About this exercise: Output the listing word for word, minus images.

★ ★ ★ ★ ★

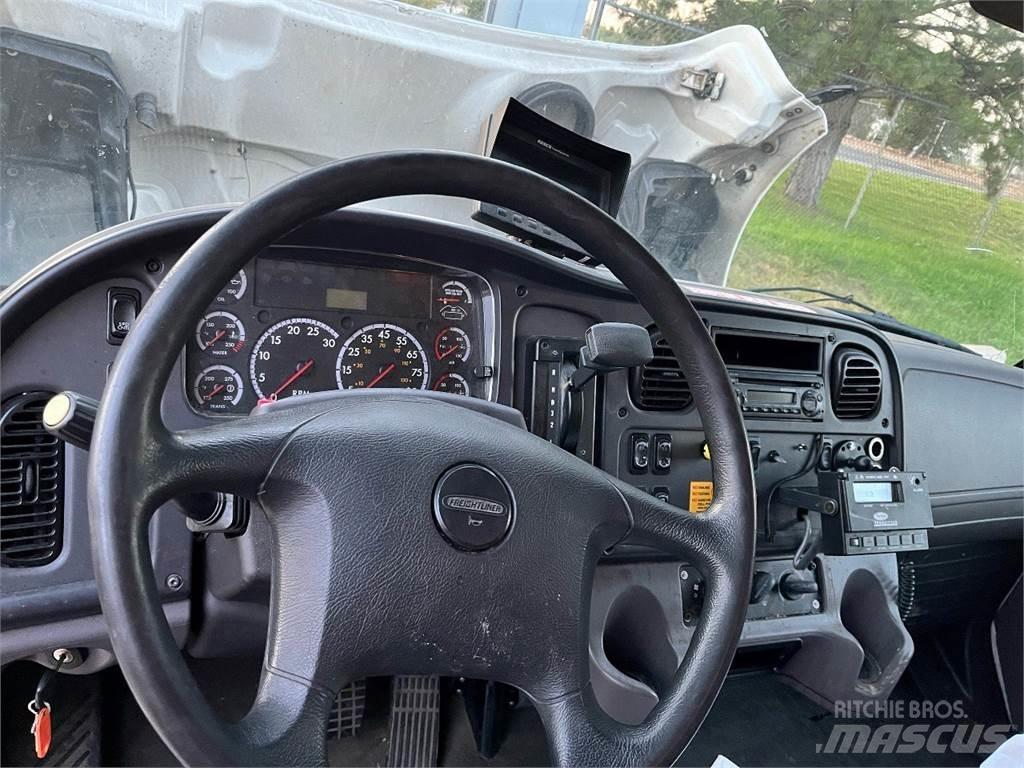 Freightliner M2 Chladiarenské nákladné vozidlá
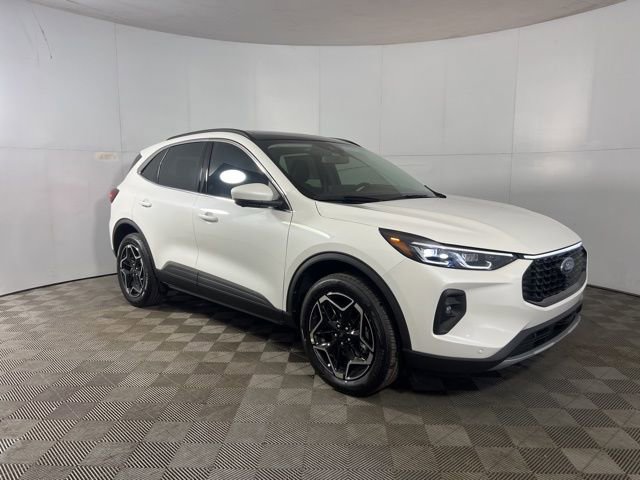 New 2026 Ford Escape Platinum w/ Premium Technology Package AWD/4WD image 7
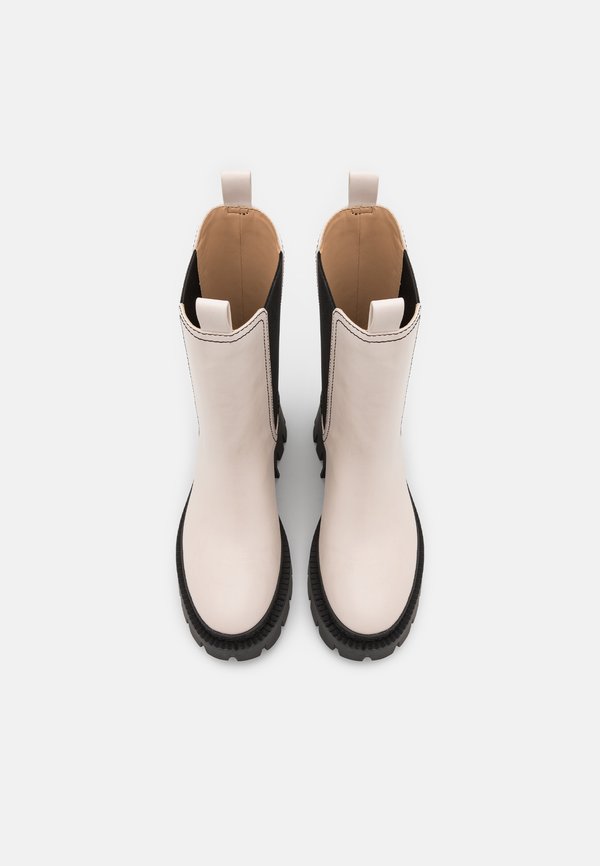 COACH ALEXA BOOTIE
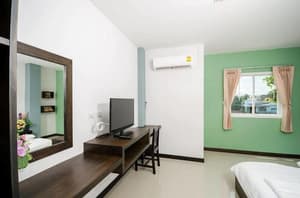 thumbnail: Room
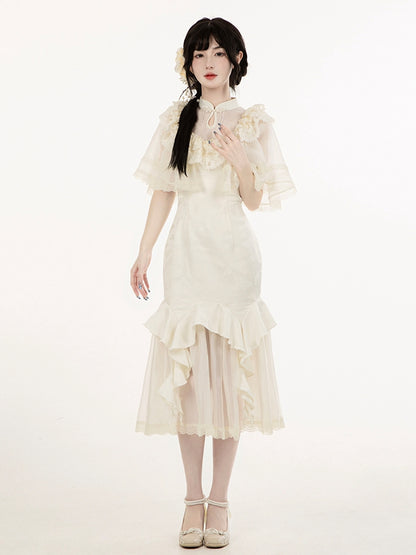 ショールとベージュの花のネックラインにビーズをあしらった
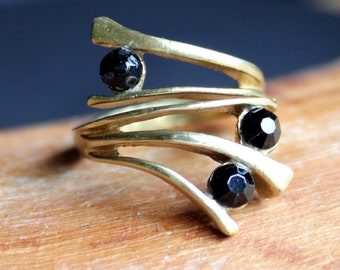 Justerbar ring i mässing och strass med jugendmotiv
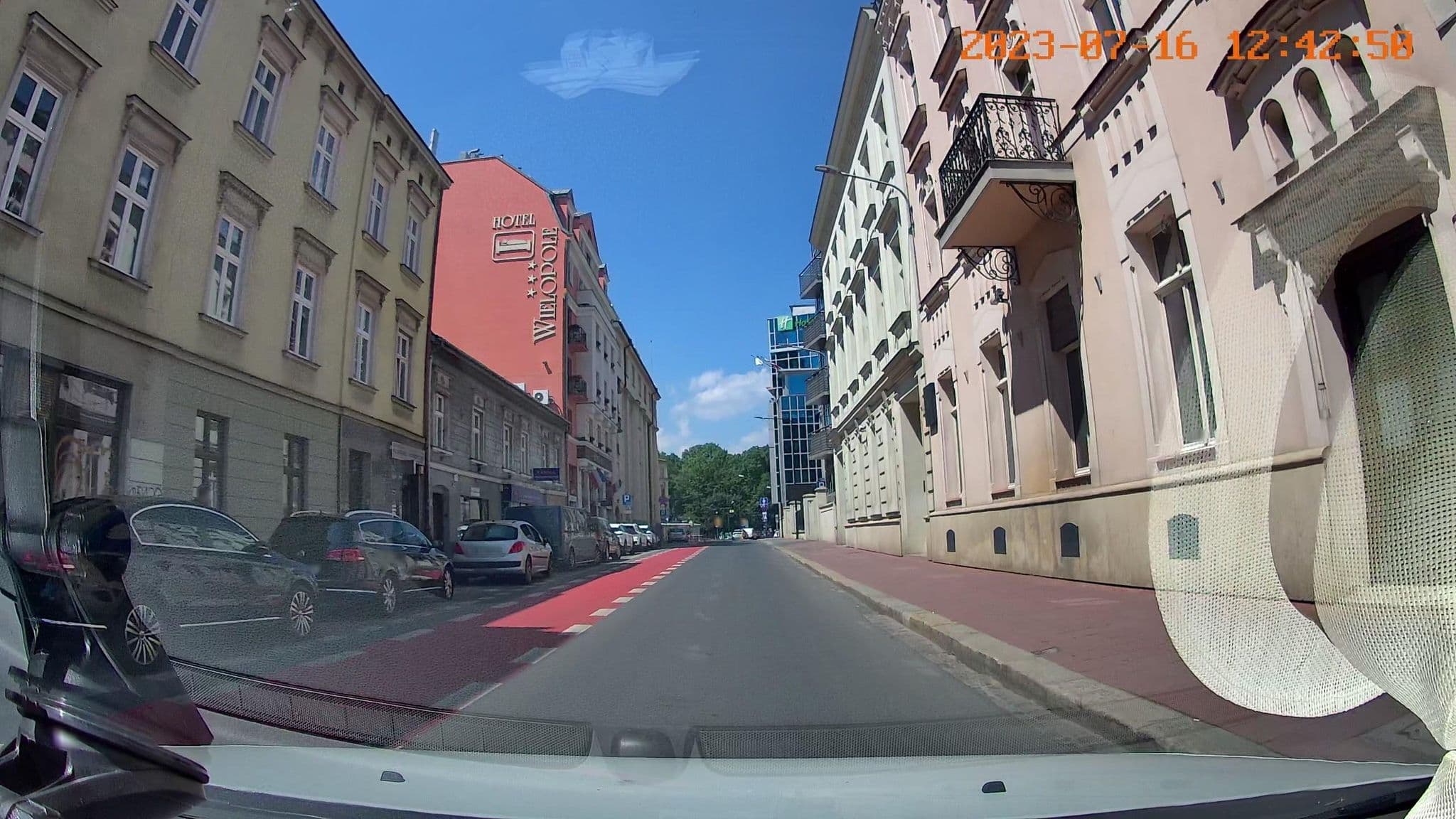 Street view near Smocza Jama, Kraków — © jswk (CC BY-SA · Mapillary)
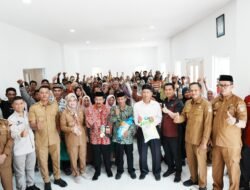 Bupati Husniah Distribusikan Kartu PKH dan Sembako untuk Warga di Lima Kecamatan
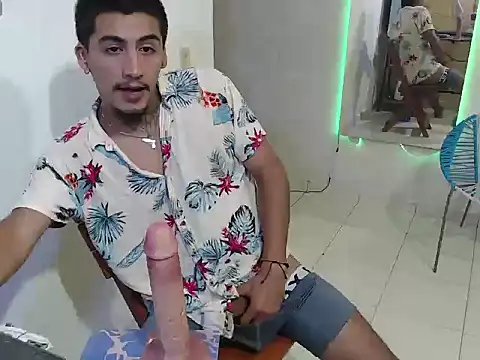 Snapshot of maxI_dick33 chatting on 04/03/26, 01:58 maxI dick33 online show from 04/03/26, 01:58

★ ★ ★ ★ ★

Solution to the problem:
 Freightliner M2 Chladiarenské nákladné vozidlá
 New 2026 Ford Escape Platinum w/ Premium Technology Package AWD/4WD image 7
 COACH ALEXA BOOTIE
 thumbnail: Room
 ショールとベージュの花のネックラインにビーズをあしらった
 Justerbar ring i mässing och strass med jugendmotiv
 Street view near Smocza Jama, Kraków — © jswk (CC BY-SA · Mapillary)
 Bupati Husniah Distribusikan Kartu PKH dan Sembako untuk Warga di Lima Kecamatan
 Snapshot of maxI_dick33 chatting on 04/03/26, 01:58 maxI dick33 online show from 04/03/26, 01:58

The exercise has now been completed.